Los actores del rural fueron tomando posiciones, tras un alargado cartelón, que, en grandes letras verdes, acuñaba en una sola frase las mil y una razones que motivaban su presencia en «el camino de la Castellana»: EN DEFENSA DEL MUNDO RURAL Y SUS TRADICIONES. Esa frase que meses atrás fue consensuada por aquellos que se decían sus paladines, y que por fin vería la luz, para el regocijo de tantos y la desesperación de algunos.

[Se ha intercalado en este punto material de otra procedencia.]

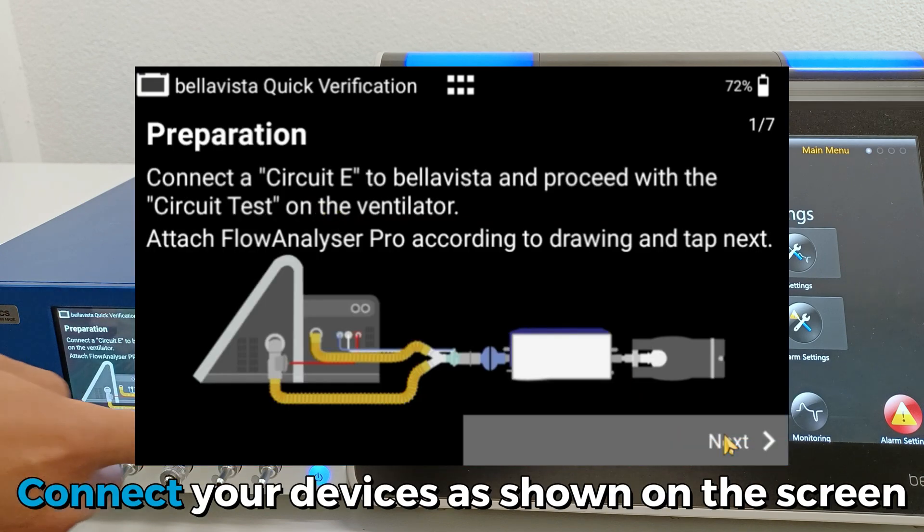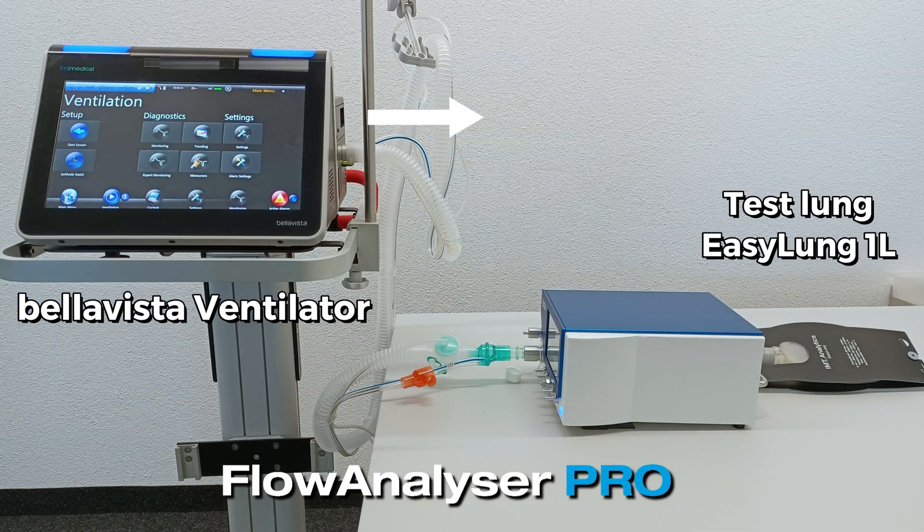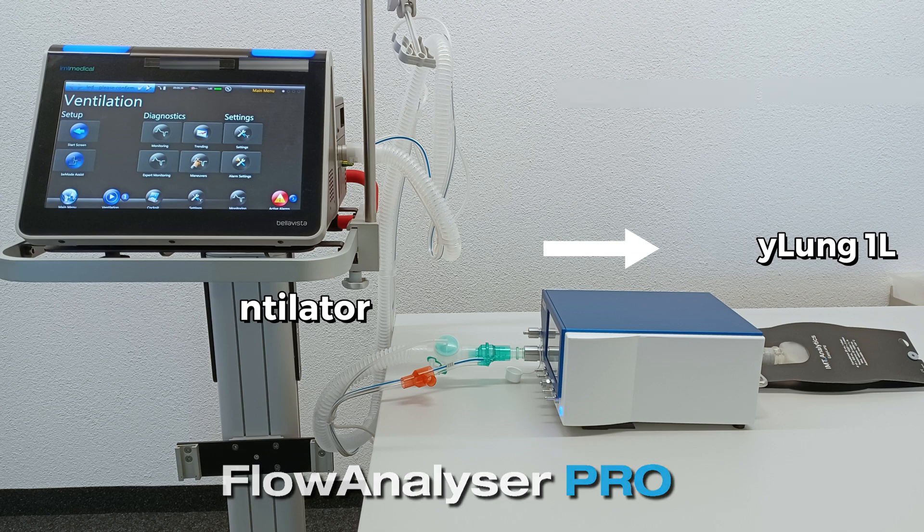Connect your devices as shown on the screen on the Flow Analyzer Pro. Connect the BellaVista ventilator using patient tubing to the inlet of the main flow channel and connect a test lung to the outlet. In this case, we use an EasyLung 1L.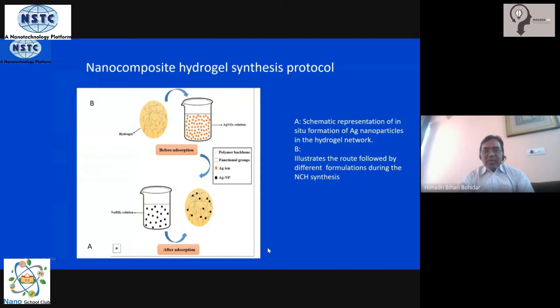To get complete information, watch the full video without skipping. What should be the methodology to make a nanocomposite hydrogel? This is a very generalized slide I am showing you before going to specifics. At the bottom we have sodium borohydride solution, which is a strong reducing agent. Then we have the hydrogel mixed with silver nitrate — it is very easy to make. You make the hydrogel, dip it in silver nitrate solution, and the silver ions will get embedded inside the gel matrix.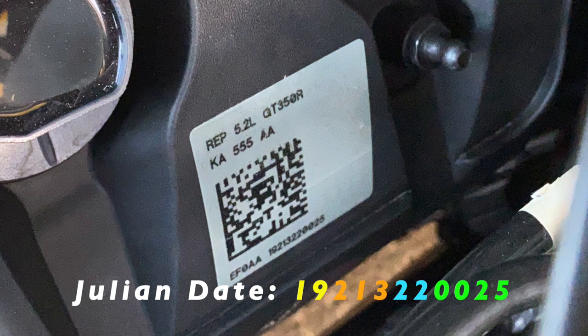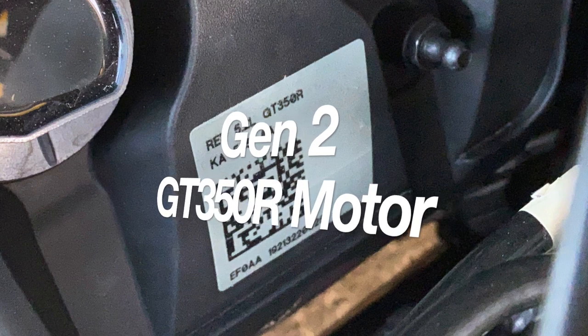So there you have it — we have a gen 2 motor in this 2017 GT350. What does that mean? More reliability. It's already been to Ford for oil consumption problems once, so hopefully it's a little more reliable. I feel more comfortable doing stuff to this car. Having a gen 2 motor means you don't have to go mess with Ford on the warranty hopefully, because once they put this gen 2 motor in, it took away all the issues the GT350 would have had.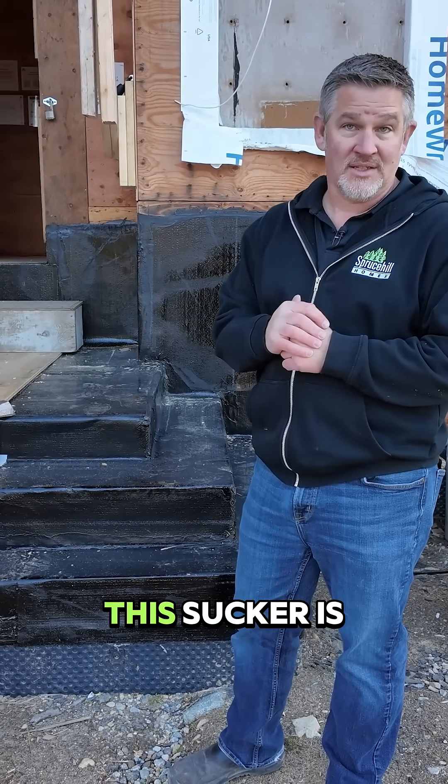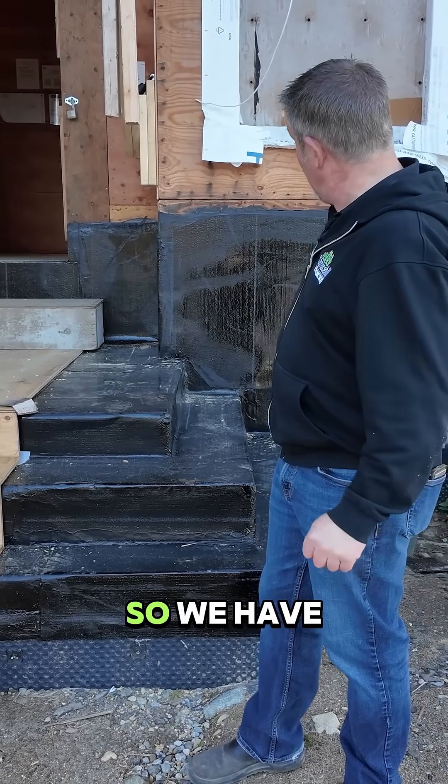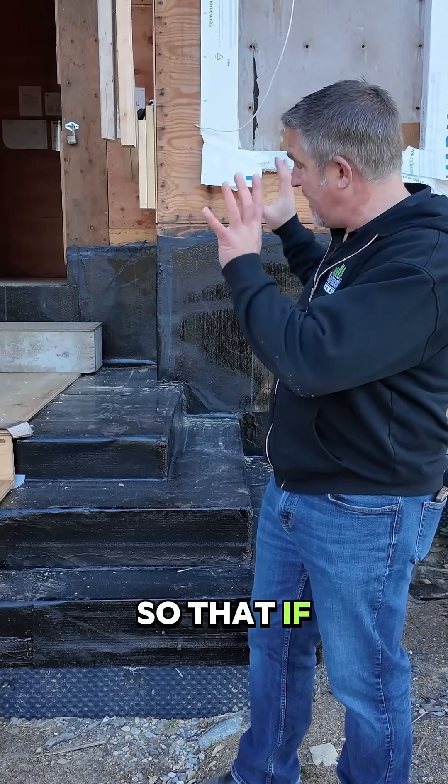We need to make sure that this is watertight left, right, and center. So we have applied Torchon Membrane to the concrete, up the walls a little bit, so that if and when any water should get over here —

Tras esa llamada al respeto, que clama la complicidad del mundo urbano hacia los problemas del rural, se van sucediendo otras tantas, y tras ellas entremezclados, «todos a uno», como en Fuenteovejuna: agricultores, cazadores, ganaderos, pescadores… Hombres y mujeres, marchando orgullosos de sus raíces, de sus tradiciones, de su forma de vida; exigiendo un mayor conocimiento y compresión de su naturaleza, solicitando a una sociedad embebida en absurdos chats dirigidos por falsos e ignorantes gurús de lo ético y lo moral. Falsarios desconocedores de la realidad del campo español que, agazapados tras la pantalla de un ordenador tratan de imponer falaces mantras, a una sociedad, cuyos miembros más jóvenes, jamás han olido el perfume de la hierba recién segada, oído el bramar de la berrea o el cristalino transcurrir de un arroyo de montaña; que jamás se han embriagado con el aroma de la tierra recién mojada tras el chaparrón estival que devolverá la vida y dará una tregua al estío.
Parafraseando a Enrique V: «Nosotros pocos, nosotros felizmente pocos, nosotros, una banda de hermanos», arropados por algunos políticos comprometidos, conseguimos recabar la atención de la ciudadanía y los medios de comunicación, y hacer llegar nuestro mensaje a cada rincón de cada casa de nuestro amado solar patrio, en un esfuerzo común de todos aquellos que amamos el rural, recorriendo una vez más las sendas abiertas por aquellos que nos precedieron, en un ejercicio ejemplar de democracia y solidaridad, al son de las caracolas.
Pero, como siempre, esta tan solo es mi opinión, y, por lo tanto, equivocada.